Exercise requirements
Word for word, restate the entries below from their first line through the line that contains "Peace Hand Sign Embroidery Design".

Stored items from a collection
=== Section Start ===

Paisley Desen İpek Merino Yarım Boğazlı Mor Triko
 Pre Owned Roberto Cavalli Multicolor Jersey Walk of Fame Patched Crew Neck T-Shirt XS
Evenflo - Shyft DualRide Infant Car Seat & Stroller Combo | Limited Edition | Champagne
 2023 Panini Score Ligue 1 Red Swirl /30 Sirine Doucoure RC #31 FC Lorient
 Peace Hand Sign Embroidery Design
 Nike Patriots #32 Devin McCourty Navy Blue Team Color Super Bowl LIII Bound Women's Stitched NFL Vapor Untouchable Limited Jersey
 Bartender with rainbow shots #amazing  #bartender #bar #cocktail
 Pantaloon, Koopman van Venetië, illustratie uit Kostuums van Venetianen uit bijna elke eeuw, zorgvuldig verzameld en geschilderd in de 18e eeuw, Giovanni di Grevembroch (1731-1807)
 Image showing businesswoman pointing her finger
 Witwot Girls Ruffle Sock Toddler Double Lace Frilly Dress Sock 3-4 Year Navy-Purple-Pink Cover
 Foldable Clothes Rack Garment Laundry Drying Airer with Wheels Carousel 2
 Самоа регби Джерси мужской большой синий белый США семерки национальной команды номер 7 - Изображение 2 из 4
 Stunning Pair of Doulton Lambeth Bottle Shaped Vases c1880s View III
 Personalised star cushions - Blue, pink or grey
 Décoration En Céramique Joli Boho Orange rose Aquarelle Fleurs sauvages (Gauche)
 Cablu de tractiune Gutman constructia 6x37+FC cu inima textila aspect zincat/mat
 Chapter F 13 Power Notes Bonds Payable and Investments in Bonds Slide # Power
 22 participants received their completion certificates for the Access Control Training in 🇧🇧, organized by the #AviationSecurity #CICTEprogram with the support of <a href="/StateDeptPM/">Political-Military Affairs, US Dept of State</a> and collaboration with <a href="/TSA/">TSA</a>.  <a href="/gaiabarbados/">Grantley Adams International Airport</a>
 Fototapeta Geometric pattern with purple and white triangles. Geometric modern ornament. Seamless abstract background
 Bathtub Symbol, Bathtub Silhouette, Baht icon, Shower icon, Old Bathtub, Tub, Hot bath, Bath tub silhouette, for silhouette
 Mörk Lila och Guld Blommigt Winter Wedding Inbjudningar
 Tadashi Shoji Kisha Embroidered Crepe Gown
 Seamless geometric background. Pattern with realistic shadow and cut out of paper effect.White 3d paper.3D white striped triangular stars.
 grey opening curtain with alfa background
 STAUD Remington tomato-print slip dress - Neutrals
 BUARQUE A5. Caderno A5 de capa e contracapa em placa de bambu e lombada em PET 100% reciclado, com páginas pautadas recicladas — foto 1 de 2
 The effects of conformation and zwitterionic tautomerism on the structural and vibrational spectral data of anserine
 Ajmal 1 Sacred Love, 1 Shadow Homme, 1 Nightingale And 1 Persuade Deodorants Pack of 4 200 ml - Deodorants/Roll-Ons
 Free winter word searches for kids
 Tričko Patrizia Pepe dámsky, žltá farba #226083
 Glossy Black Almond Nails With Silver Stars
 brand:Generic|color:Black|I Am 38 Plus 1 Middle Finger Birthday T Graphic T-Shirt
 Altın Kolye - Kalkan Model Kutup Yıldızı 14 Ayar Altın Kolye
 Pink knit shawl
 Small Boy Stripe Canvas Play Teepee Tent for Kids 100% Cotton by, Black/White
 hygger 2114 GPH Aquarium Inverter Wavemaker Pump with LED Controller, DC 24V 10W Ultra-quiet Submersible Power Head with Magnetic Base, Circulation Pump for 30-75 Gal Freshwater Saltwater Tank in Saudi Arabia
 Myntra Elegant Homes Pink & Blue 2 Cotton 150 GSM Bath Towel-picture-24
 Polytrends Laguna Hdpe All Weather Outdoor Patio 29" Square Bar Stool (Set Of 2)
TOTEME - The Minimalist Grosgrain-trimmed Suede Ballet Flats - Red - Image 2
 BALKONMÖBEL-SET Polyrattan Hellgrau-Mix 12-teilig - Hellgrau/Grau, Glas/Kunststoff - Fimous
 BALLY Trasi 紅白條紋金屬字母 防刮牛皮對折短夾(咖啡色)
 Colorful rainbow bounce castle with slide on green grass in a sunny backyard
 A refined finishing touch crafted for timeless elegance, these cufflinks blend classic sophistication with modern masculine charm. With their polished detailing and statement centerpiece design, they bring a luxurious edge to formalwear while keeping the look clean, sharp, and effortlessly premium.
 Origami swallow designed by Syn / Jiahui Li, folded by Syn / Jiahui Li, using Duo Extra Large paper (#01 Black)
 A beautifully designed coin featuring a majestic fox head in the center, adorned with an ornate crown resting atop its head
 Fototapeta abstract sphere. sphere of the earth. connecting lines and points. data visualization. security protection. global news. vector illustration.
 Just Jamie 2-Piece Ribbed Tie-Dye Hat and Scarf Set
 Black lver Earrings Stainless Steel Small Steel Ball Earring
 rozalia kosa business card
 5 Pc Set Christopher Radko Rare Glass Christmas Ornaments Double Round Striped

=== Section End ===

Response below
Paisley Desen İpek Merino Yarım Boğazlı Mor Triko
 Pre Owned Roberto Cavalli Multicolor Jersey Walk of Fame Patched Crew Neck T-Shirt XS
Evenflo - Shyft DualRide Infant Car Seat & Stroller Combo | Limited Edition | Champagne
 2023 Panini Score Ligue 1 Red Swirl /30 Sirine Doucoure RC #31 FC Lorient
 Peace Hand Sign Embroidery Design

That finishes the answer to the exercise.